#### DATA SHOWN
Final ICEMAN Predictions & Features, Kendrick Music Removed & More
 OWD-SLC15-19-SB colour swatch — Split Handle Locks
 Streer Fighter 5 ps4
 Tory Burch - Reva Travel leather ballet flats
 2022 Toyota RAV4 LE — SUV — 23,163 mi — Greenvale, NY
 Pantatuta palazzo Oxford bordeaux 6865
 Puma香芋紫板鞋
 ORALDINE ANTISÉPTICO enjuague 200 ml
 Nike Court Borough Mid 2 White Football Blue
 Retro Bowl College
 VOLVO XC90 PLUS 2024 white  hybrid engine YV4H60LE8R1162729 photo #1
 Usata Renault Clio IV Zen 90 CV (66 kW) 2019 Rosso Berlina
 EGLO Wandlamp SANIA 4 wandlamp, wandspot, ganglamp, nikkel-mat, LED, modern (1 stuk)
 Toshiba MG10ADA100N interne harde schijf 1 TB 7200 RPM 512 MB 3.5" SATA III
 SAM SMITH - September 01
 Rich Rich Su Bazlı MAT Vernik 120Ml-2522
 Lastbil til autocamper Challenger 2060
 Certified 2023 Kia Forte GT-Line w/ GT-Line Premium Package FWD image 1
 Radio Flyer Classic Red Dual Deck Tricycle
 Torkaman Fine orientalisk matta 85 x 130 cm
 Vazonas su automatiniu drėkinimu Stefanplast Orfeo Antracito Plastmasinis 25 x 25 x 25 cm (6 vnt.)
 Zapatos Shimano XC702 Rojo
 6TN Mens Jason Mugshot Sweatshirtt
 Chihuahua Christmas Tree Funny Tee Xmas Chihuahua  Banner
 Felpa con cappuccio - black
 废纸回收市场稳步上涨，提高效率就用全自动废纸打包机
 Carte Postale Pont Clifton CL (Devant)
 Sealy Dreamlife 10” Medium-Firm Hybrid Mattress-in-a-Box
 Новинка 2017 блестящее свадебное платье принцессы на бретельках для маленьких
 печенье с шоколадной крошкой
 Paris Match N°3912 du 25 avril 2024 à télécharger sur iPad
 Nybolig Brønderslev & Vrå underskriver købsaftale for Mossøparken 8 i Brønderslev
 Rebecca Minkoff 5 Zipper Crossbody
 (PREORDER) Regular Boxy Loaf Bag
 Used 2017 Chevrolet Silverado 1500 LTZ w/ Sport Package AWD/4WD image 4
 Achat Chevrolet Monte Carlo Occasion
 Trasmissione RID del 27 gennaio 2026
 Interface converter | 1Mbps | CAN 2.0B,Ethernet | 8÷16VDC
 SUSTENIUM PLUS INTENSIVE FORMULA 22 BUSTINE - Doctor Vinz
########
■ AIM OF THE TASK ■
A verbatim transcription is needed of the lines above, starting at the line with "Tory Burch - Reva" and ending at the line with "(PREORDER) Regular Boxy Loaf Bag", both included, and of nothing else.

■ SOLVED PROBLEM ■
 Tory Burch - Reva Travel leather ballet flats
 2022 Toyota RAV4 LE — SUV — 23,163 mi — Greenvale, NY
 Pantatuta palazzo Oxford bordeaux 6865
 Puma香芋紫板鞋
 ORALDINE ANTISÉPTICO enjuague 200 ml
 Nike Court Borough Mid 2 White Football Blue
 Retro Bowl College
 VOLVO XC90 PLUS 2024 white  hybrid engine YV4H60LE8R1162729 photo #1
 Usata Renault Clio IV Zen 90 CV (66 kW) 2019 Rosso Berlina
 EGLO Wandlamp SANIA 4 wandlamp, wandspot, ganglamp, nikkel-mat, LED, modern (1 stuk)
 Toshiba MG10ADA100N interne harde schijf 1 TB 7200 RPM 512 MB 3.5" SATA III
 SAM SMITH - September 01
 Rich Rich Su Bazlı MAT Vernik 120Ml-2522
 Lastbil til autocamper Challenger 2060
 Certified 2023 Kia Forte GT-Line w/ GT-Line Premium Package FWD image 1
 Radio Flyer Classic Red Dual Deck Tricycle
 Torkaman Fine orientalisk matta 85 x 130 cm
 Vazonas su automatiniu drėkinimu Stefanplast Orfeo Antracito Plastmasinis 25 x 25 x 25 cm (6 vnt.)
 Zapatos Shimano XC702 Rojo
 6TN Mens Jason Mugshot Sweatshirtt
 Chihuahua Christmas Tree Funny Tee Xmas Chihuahua  Banner
 Felpa con cappuccio - black
 废纸回收市场稳步上涨，提高效率就用全自动废纸打包机
 Carte Postale Pont Clifton CL (Devant)
 Sealy Dreamlife 10” Medium-Firm Hybrid Mattress-in-a-Box
 Новинка 2017 блестящее свадебное платье принцессы на бретельках для маленьких
 печенье с шоколадной крошкой
 Paris Match N°3912 du 25 avril 2024 à télécharger sur iPad
 Nybolig Brønderslev & Vrå underskriver købsaftale for Mossøparken 8 i Brønderslev
 Rebecca Minkoff 5 Zipper Crossbody
 (PREORDER) Regular Boxy Loaf Bag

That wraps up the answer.